For the first time Truth: A Contemporary Reader brings together the essays that have shaped two aspects of a fundamental philosophical topic: the nature of truth and the value of truth.
Featuring 28 essays from 1878 to 2011, this reader includes work by leading philosophers such as Hilary Putnam, Michael P. Lynch, Michael Dummet and Donald Davidson, as well as Bertrand Russell and Charles S. Peirce. Telling the story of how the development of the central 'grand proposals' about the nature of truth were gradually dethroned by the rise of Tarski's semantic conception of truth and other 20th and 21st-century theories, the reader also demonstrates how truth is often taken to be valuable in various ways, seen as the norm of correctness for belief and assertion, for example.

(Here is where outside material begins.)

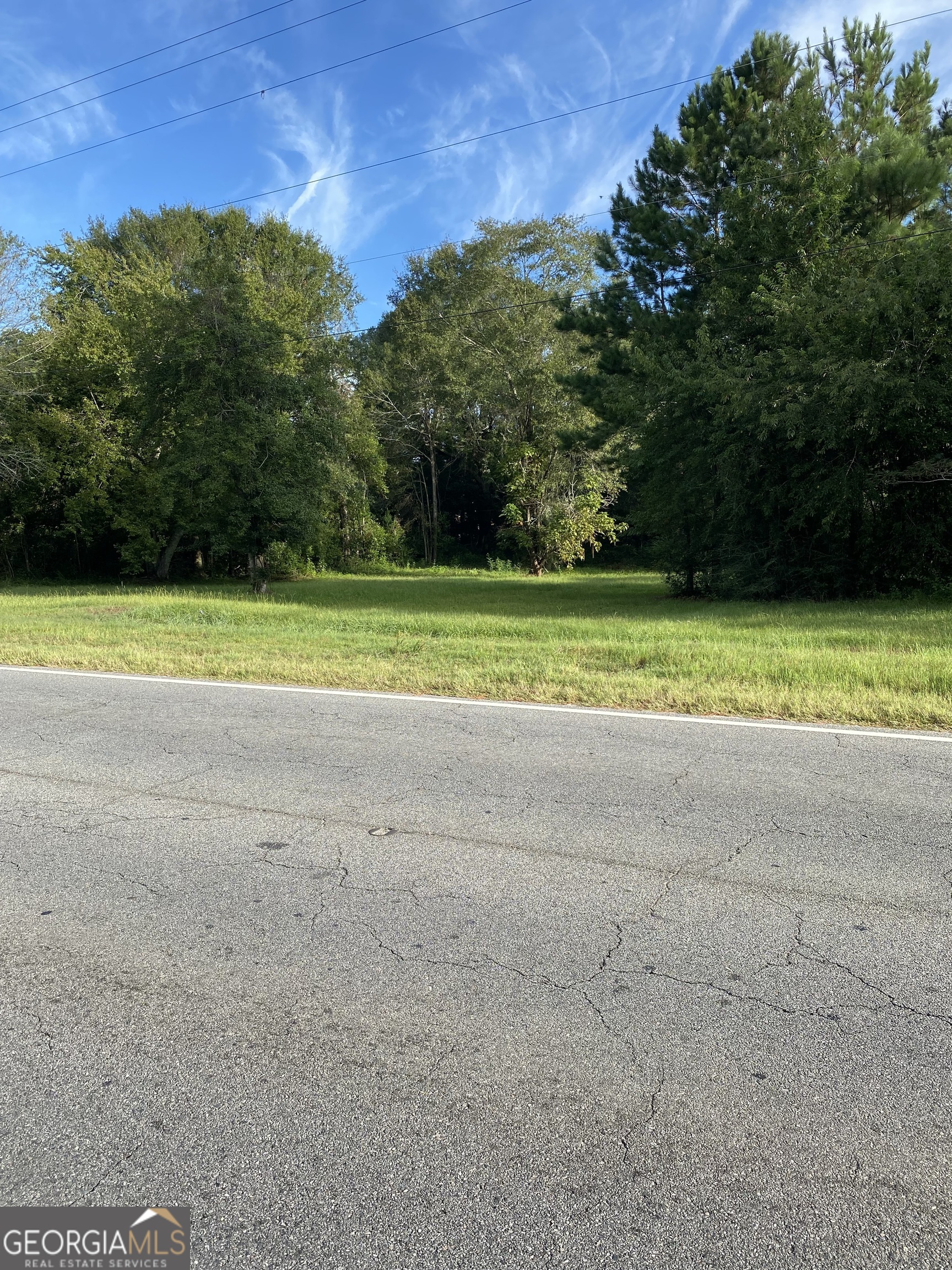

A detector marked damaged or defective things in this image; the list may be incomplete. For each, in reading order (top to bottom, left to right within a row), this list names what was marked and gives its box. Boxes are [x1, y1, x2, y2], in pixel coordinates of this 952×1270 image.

cracked asphalt road [2, 666, 952, 1270]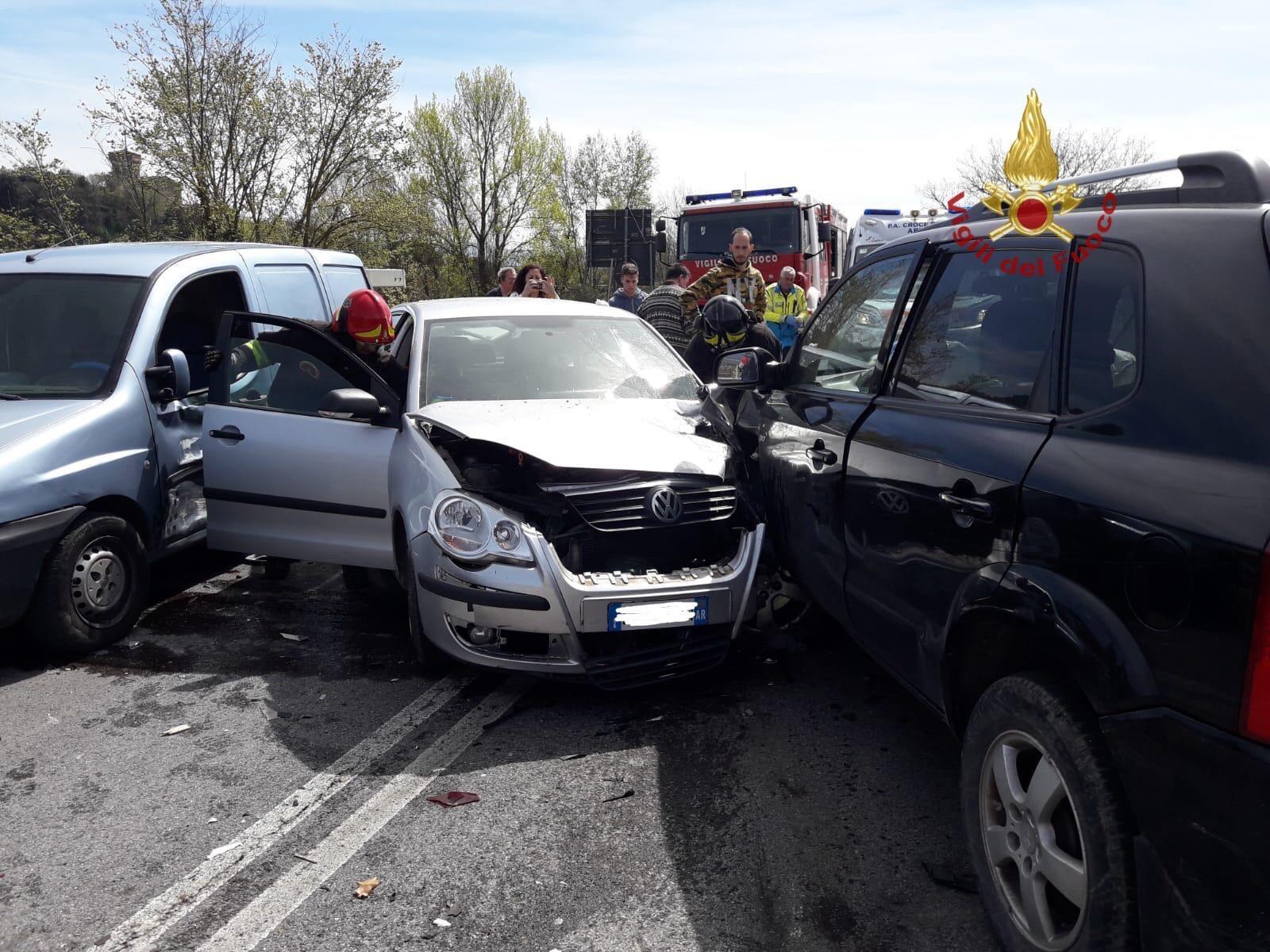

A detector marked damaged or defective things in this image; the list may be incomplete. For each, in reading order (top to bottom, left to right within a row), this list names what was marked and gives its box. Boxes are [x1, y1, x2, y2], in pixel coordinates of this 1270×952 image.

With introductory overviews to each group of related papers complemented by guides to further reading and a glossary, this reader introduces the central debates, familiarizes students with the most important work in the field and covers pivotal theories of truth including:
- Correspondence theories
- Coherentism, pragmatism, verificationism
- Deflationary theories
The connection between the nature and value of truth is intimate. By showing how thoughts about truth and value bear heavily on one another, A Reader in the Nature and Value of Truth provides new opportunities for understanding and advancing the link between these central topics. Including specially-commissioned essays identifying new research directions, this is an essential collection for anyone studying or working in metaphysics, epistemology, and the philosophy of language today.